Autologin will start the session automatically, which is not ideal in terms of security (more about that here), but it’s fine for a test machine on a home network.
After changing this option, raspi-config will ask you to reboot the Raspberry Pi, which is also necessary to start the desktop environment, so accept the prompt and wait a few minutes for the system to restart.
If needed, you can reboot it manually with:
5. (Optional) Install LightDM
As I told you in the introduction, LightDM is the display manager.
This type of package is mandatory to automatically start the desktop environment on boot and to manage the login. It’s the link between everything if you want (Raspberry Pi OS, Xorg and your desktop environment).
When I tested everything, tasksel installed LightDM (or an alternative) automatically most of the time. But for some desktop environments (like GNOME), it must be installed manually. You might get this message after changing the boot options in raspi-config:
To install it, just use the following command:
sudo apt install lightdm
Once installed, get back to the previous step (select Desktop in Boot options and reboot the Raspberry Pi).
Note: KDE, and maybe other environments in the future, use SDDM instead of LightDM. So, you shouldn’t need LightDM for KDE, it’s normal if you don’t have it.

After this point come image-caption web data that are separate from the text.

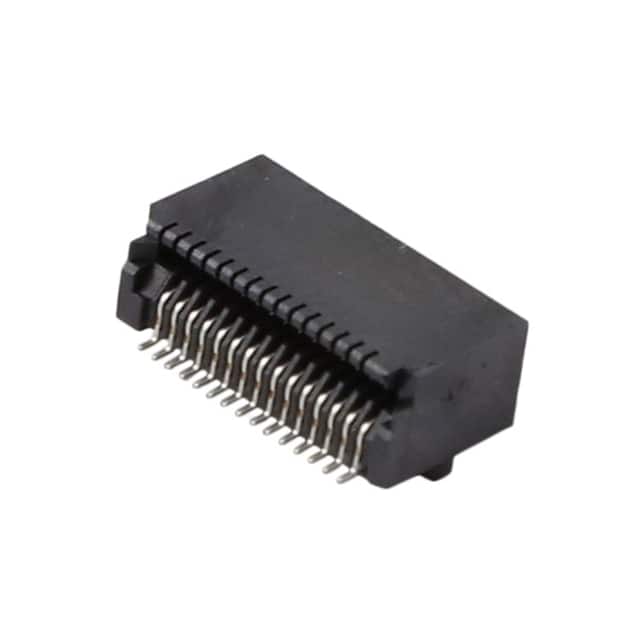 XFF-30-MSG-15-TR XFP 1X1 CONNECTOR, 30 POSITIONS,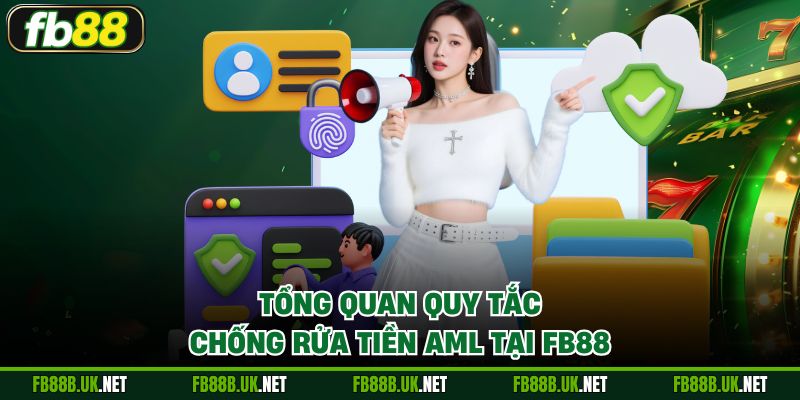 Tổng quan quy tắc chống rửa tiền AML tại FB88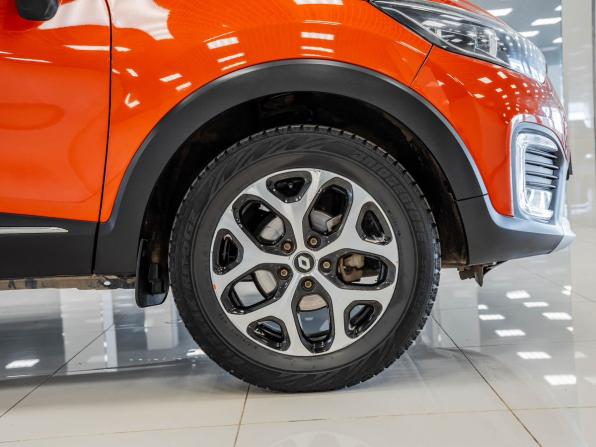 Renault Kaptur I с пробегом 2016 года, цена 1 221 000 рублей, 133563 км, внедорожник, Автокод Объявления
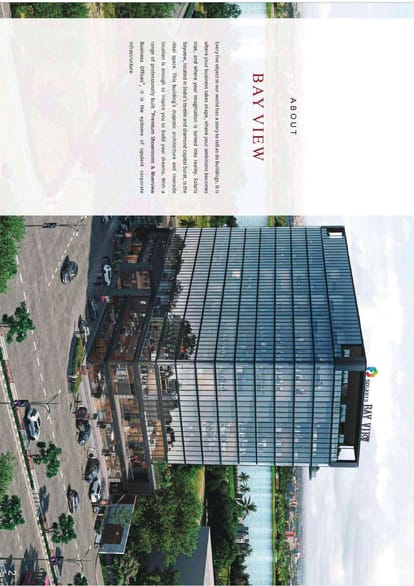 Solaris Bay View Brochure Image 2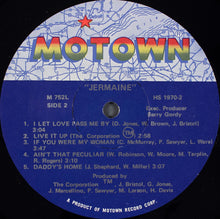 Load image into Gallery viewer, Jermaine Jackson : Jermaine (LP, Album)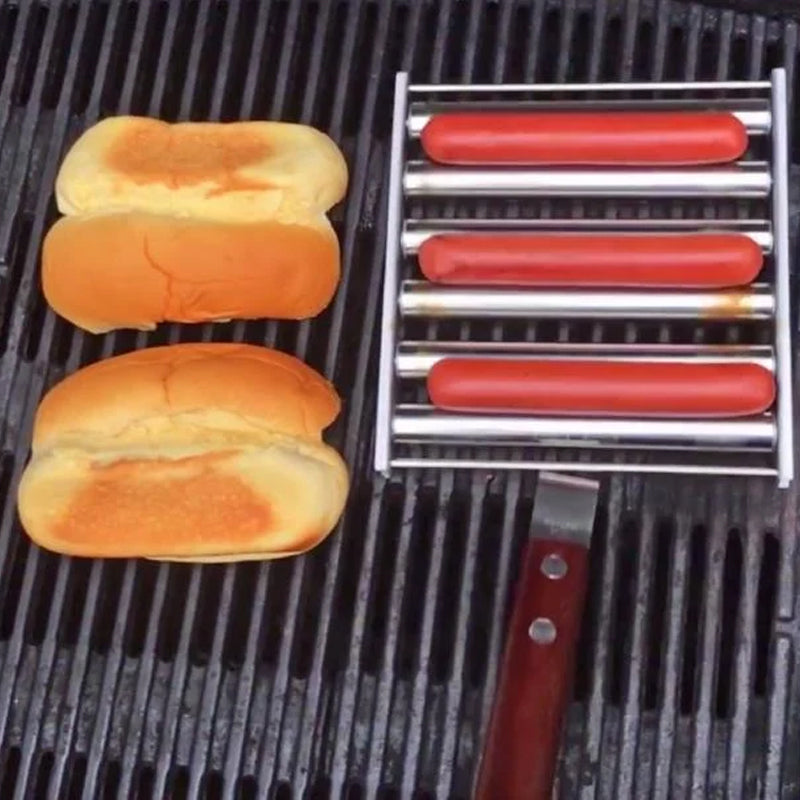 Gluschwein - Hot Dog Grill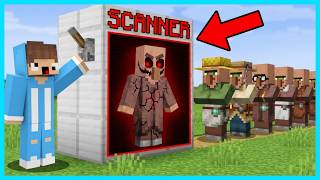 MIPAN & ZUZUZU SCAN VILLAGER UNTUK MENCARI YANG JAHAT DI MINECRAFT! — trending on YouTube in Indonesia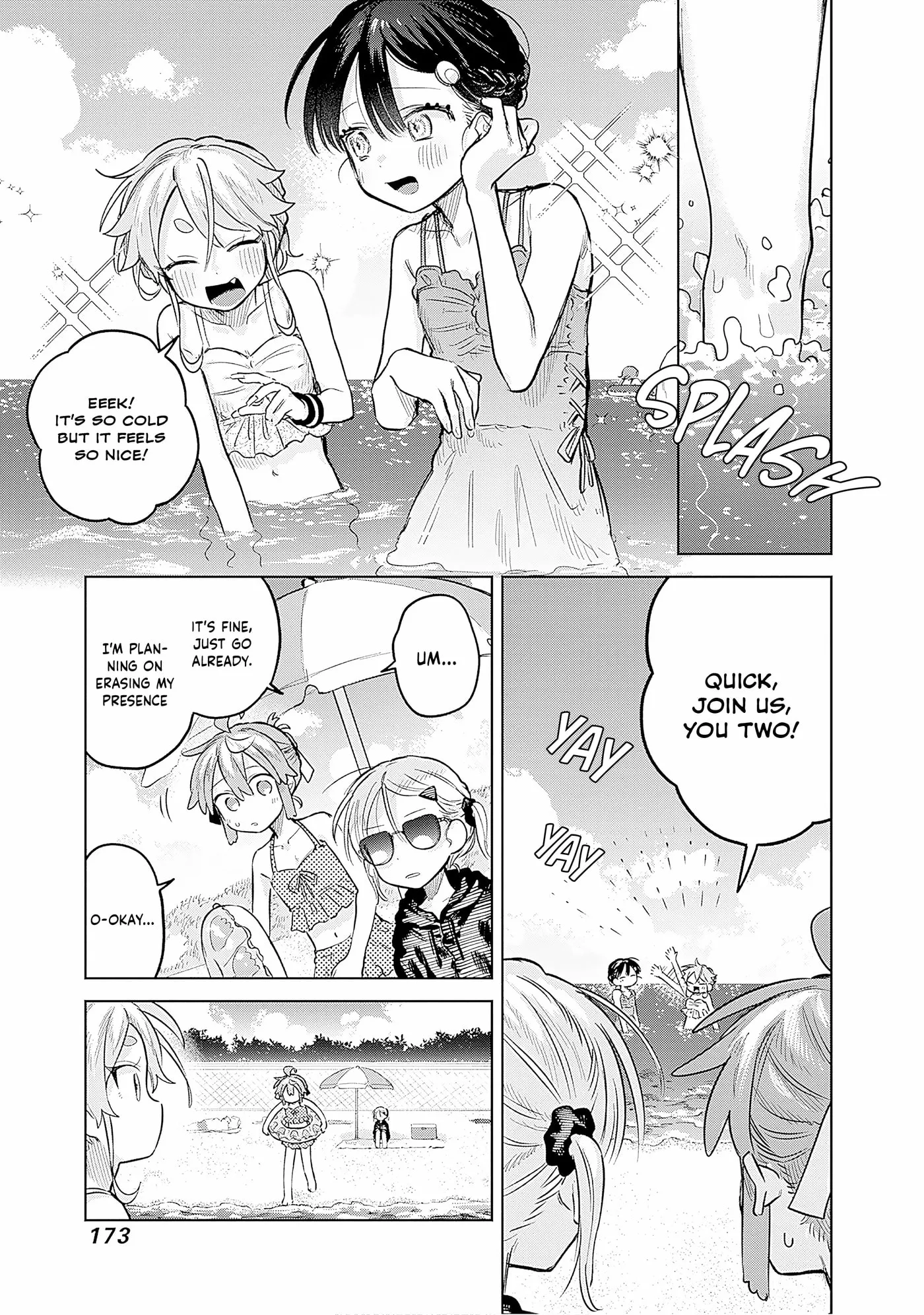 Josou Danshi wa Skirt o Nugitai! Chapter 21 page 10 - 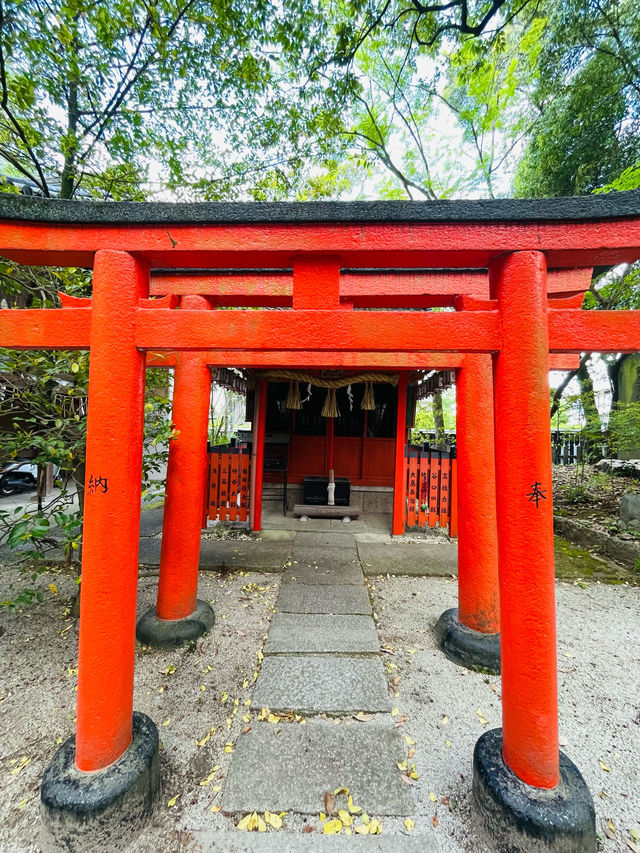 【京都府】子授け・安産・縁結びのご利益がある「岡崎神社」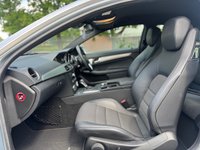USED 2012 62 MERCEDES-BENZ C-CLASS 1.6 C180 BlueEfficiency AMG Sport Coupe 2dr Petrol G-Tronic+ Euro 5 (s/s) (156 ps) 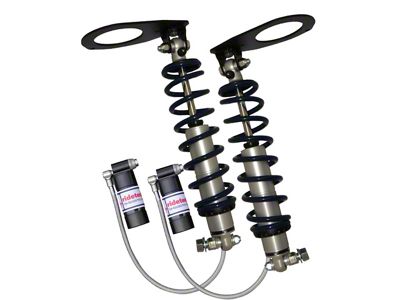 Ridetech 82-02 Camaro and Firebird TQ Series CoilOvers Rear Pair - 11216111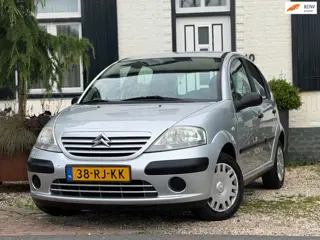 Citroen C3 1.1i Ligne Séduction|Trekhaak|Nette auto!|Goed onderhouden|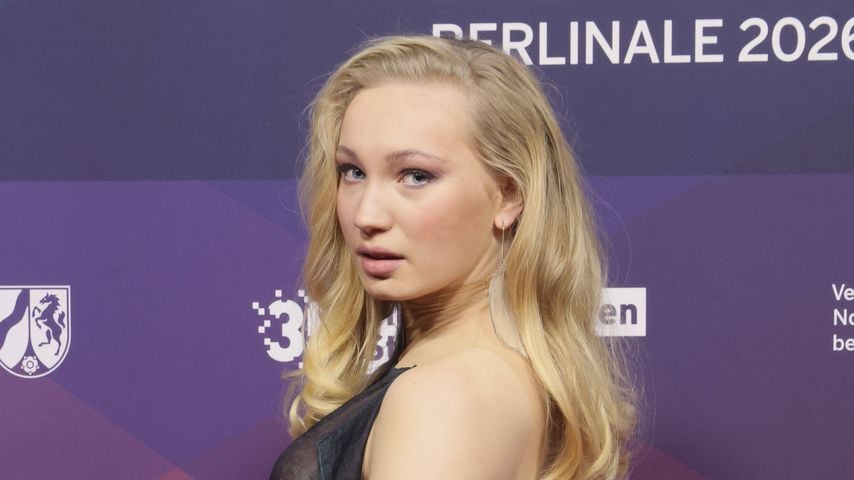 "Systemsprenger"-Mädchen: So erwachsen ist Helena Zengel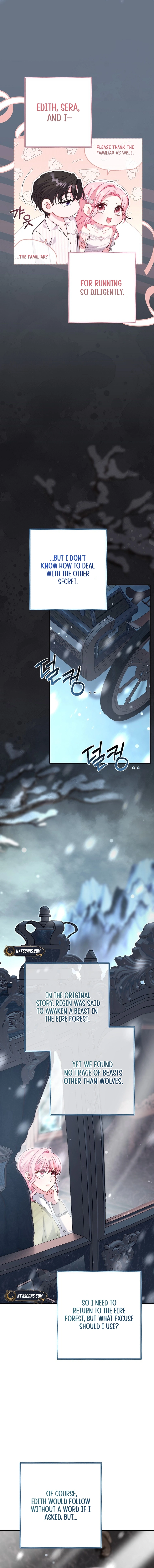 Rather Than The Son, I’ll Take The Father Chapter 38 Page 8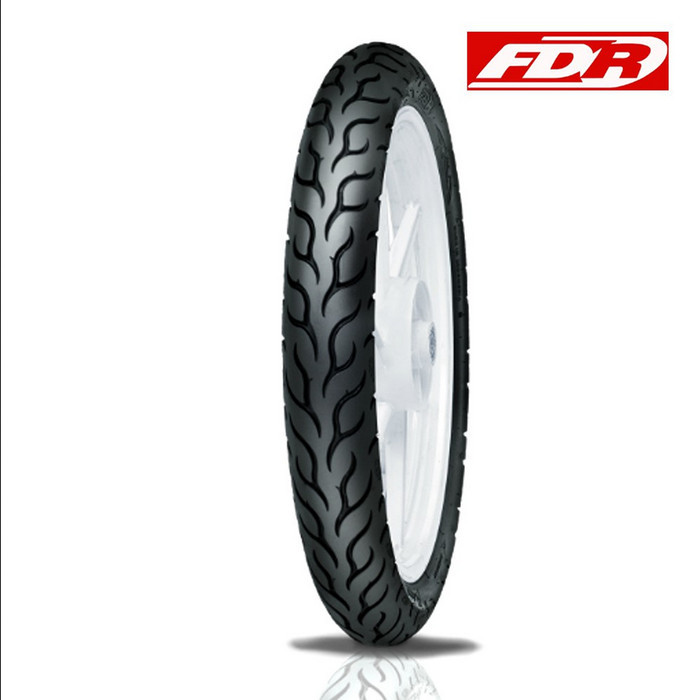 FDR Flemmo PRO 90 90 17 Tubeless Ban luar Motor Bebek FREE PENTIL BARU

If everything works as expected, you should get the graphical interface started automatically on the next boot, with the login screen (if enabled) and then full access to the desktop interface:
The look will be different depending on the desktop environment you installed, but it shouldn’t be the usual black screen anymore :-).
If you installed several desktop environments, you can switch from one to another with by using the gear icon in a corner of the login screen (can be slightly different depending on your environment, but there should be an option).
Or use this command if autologin is enabled:
sudo update-alternatives --config x-session-manager
Type the number corresponding to the one you want to use, and it will start this one on the next restart.
Install more applications
As you’ll quickly notice, whatever desktop environment you choose, the apps available are very limited.
For most, you only get a terminal and the system settings, which isn’t enough to use it as a desktop PC.
Here are a few apps I recommend installing before going further:
Synaptic is a package manager. Even if you are coming from Raspberry Pi OS Lite (and probably know how to use apt in a terminal), it can be useful to have a graphic interface to manage packages
You can install it with:
sudo apt install synaptic
How can you check RaspberryTips.com with a web browser? 🙂
Seriously, a web browser is mandatory, and you can install Chromium with this command:
sudo apt install chromium-browser
- Install a new theme:
For most desktop environments, the default appearance is not optimal and you get a light system with an ugly style.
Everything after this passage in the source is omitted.